Elle avait apporté quelques meubles de chez ses parents, une vieille table stockée au grenier depuis des années et qu'elle avait cirée, ainsi que l'ensemble de ses vêtements, son mannequin en bois pour les articulations, son chevalet, ses feuilles à dessin de tous les grains et de toutes les tailles, ses fusains, ses pastels et ses peintures. Enfin, ça ressemblait à quelque chose. Elle aurait même pu dire que ça ressemblait à un atelier d'artiste. L'artiste qu'elle allait devenir.
Son loyer était un peu élevé pour ses maigres moyens mais elle n'avait pas le choix. Ses parents lui allouaient un budget par mois et l'appartement le mangeait entièrement. Mais tant pis. Ils n'avaient pas énormément de moyens et surtout ne soutenaient pas ses études. Ils avaient toujours pensé que l'art était une perte de temps alors quand elle avait annoncé qu'elle arrêtait médecine pour se consacrer à sa passion, ils n'avaient pas vraiment apprécié. Elle avait réussi avec brio sa première année, du premier coup, passionnée par la biologie et l'anatomie, avant d'arrêter brutalement en troisième année.
Il lui avait fallu trois ans pour se rendre compte que ce qui lui plaisait c'était de dessiner les corps humains, que ce qu'elle croquait dans un coin de ses cahiers pendant sa prise de note, ça n'était pas du tout lié à un passe-temps quelconque mais à une véritable passion. Trois ans pendant lesquels elle avait trimé pour ressembler aux idéaux de ses parents. Fils d'ouvriers, ils avaient toujours rêvé du mieux pour leur fille unique, du plus grand, du plus ambitieux, pour qu'elle réussisse, elle. Alors la médecine, c'était le saint Graal.

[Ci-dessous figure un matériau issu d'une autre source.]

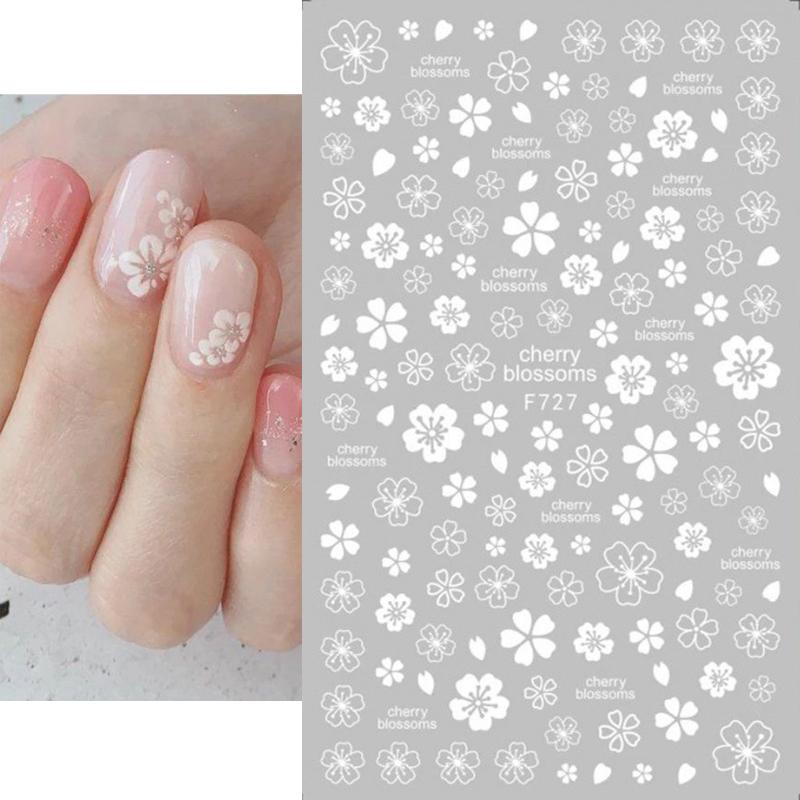 1PCS Sakura Nail Stickers Dandelion Nail Art Decoration Nail Decals Tulip Self-adhesive Flowers Stickers Press On Nails Stickers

Sauf que ça n'était pas du tout son truc. Elle n'avait sûrement pas l'âme d'un chevalier. Elle avait tout plaqué, plantant là ses études pour s'inscrire aux Beaux-Arts dans la ville à côté, dont la réputation était meilleure pour ces études. Elle se doutait que peu de monde avait compris son geste mais elle s'en fichait royalement. Tout ce qui comptait, c'était de vivre de sa passion. Elle avait déjà perdu trois ans, elle ne comptait pas passer les cinquante prochaines années de sa vie à se lamenter sur ce qu'elle n'avait jamais pu faire et aurait dû faire. Et puis en faisant médecine, elle avait acquis un solide bagage en anatomie et en morphologie qui ne pourrait pas être inutile pour ses dessins.
Pour compléter son budget et payer ses repas, son inscription à l'école ainsi que ses petites dépenses, elle avait deux jobs en plus de ses cours. De 17h30 à 19h15, tous les soirs, elle allait chercher le petit Mattéo, trois ans, à la maternelle et le reconduisait à la maison où ils jouaient ensemble avant qu'elle ne le lave et ne le fasse dîner. Une fois les parents rentrés, elle s'éclipsait après un baiser sur le front du petit. Le samedi toute la journée ainsi que les mardis et jeudis après-midi, elle travaillait dans le supermarché où elle faisait ses courses comme caissière et magasinière. Elle faisait la petite main quand il manquait du personnel à tel ou tel poste, ne refusait aucune tâche et avait obtenu en plus de son maigre salaire 5% de réduction sur tout le magasin. Elle était assez fière de ses négociations.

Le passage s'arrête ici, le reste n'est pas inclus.